● EXERCISE DESCRIPTION
The lines you should transcribe are those from the one containing "1214400210，圖片 1）。簡介： 。" to the end of the listing below, exactly, with pictures left out.

● INFORMATION PROVIDED
[Start of Attachment]

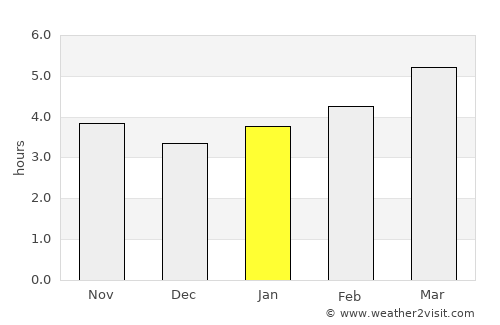 Foligno average rain in January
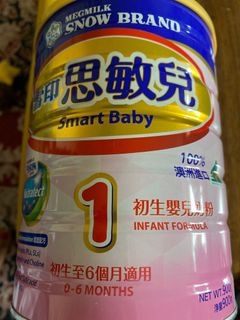 （分類：）位於 。 由 Doremon123 提交（商品編號 1214400210，圖片 1）。簡介： 。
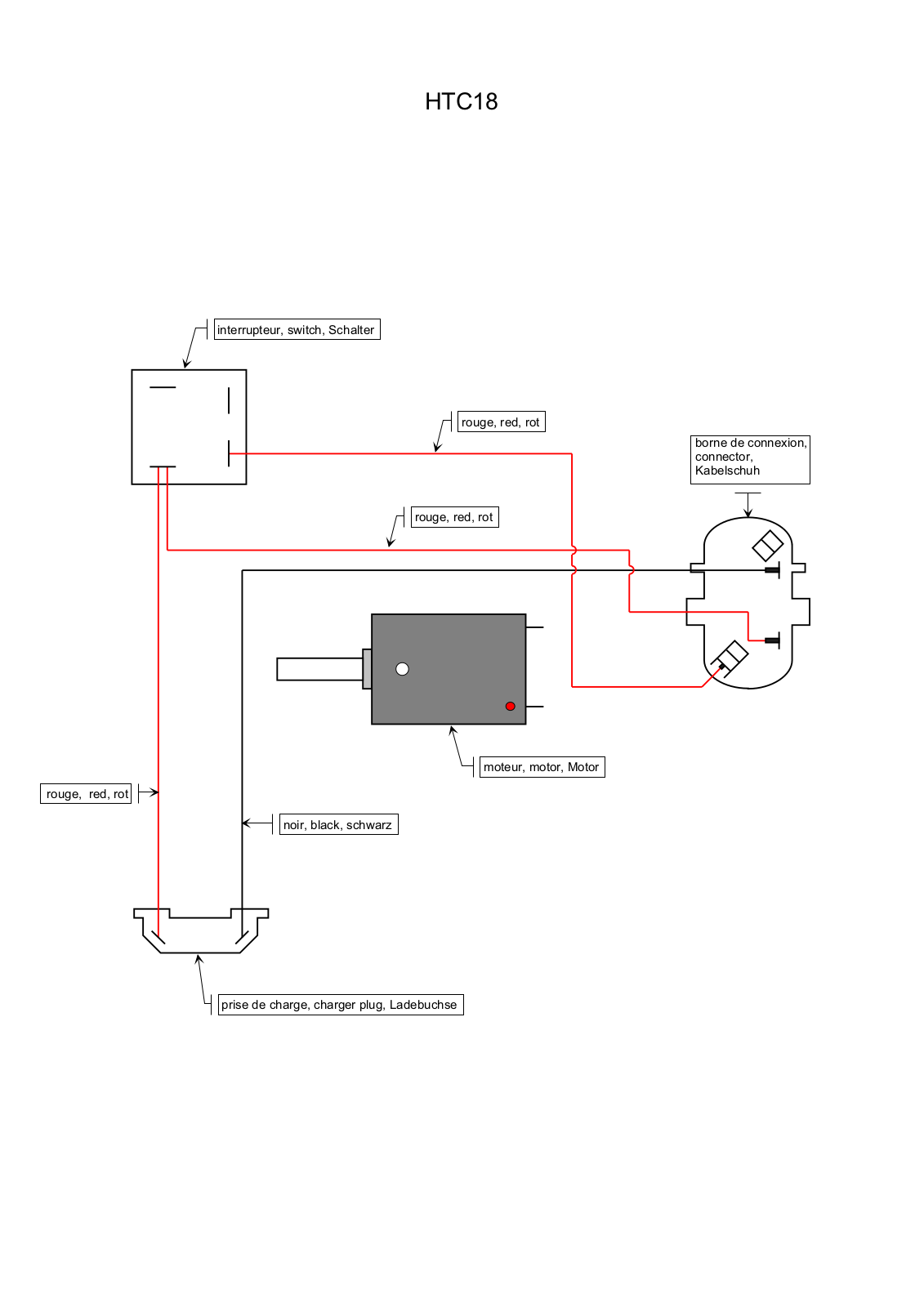 Ryobi HTC18 User Manual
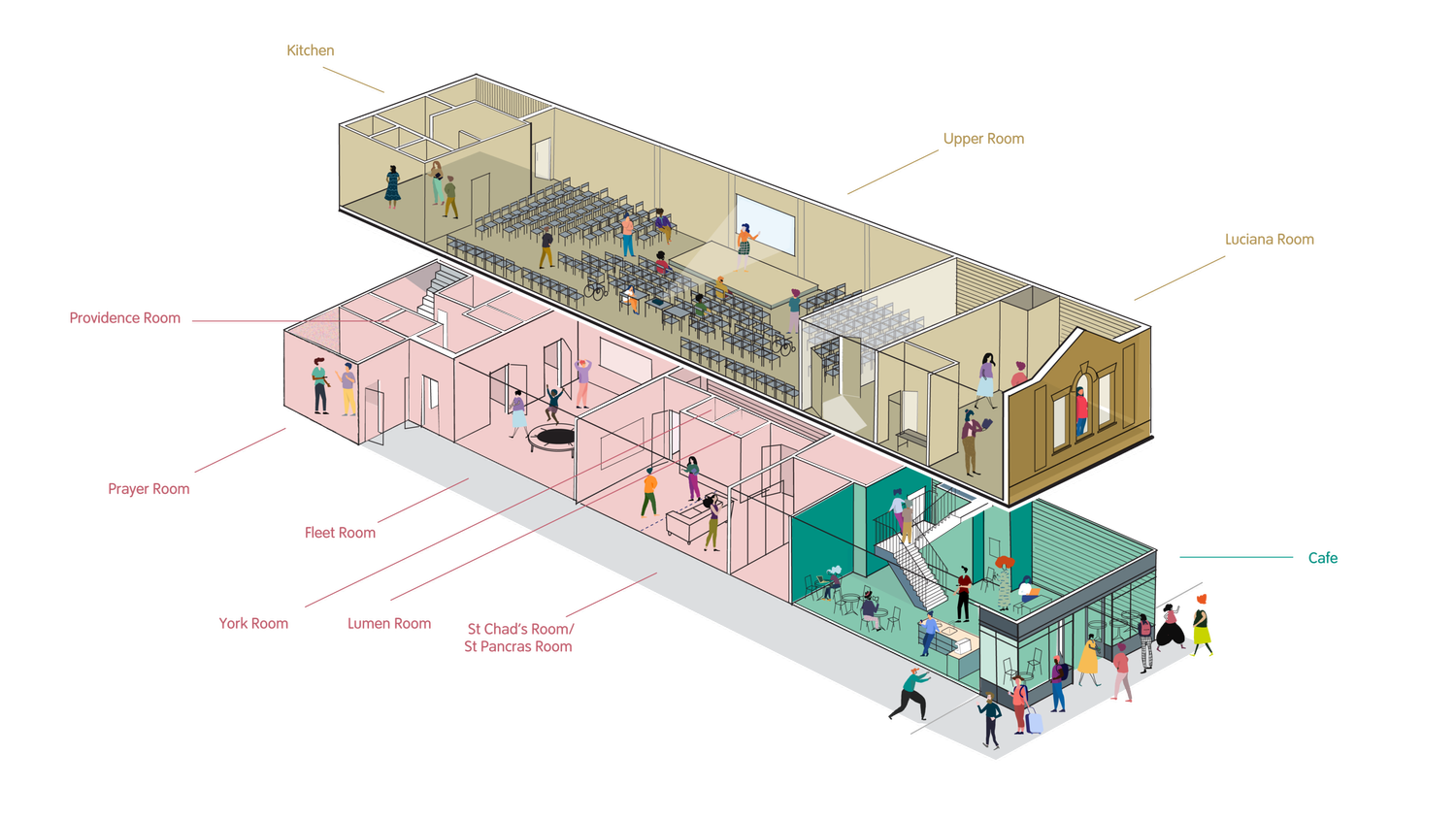 Your Visit — Kings House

[End of Attachment]

● RESULT OF THE EXERCISE
 （分類：）位於 。 由 Doremon123 提交（商品編號 1214400210，圖片 1）。簡介： 。
 Ryobi HTC18 User Manual
 Your Visit — Kings House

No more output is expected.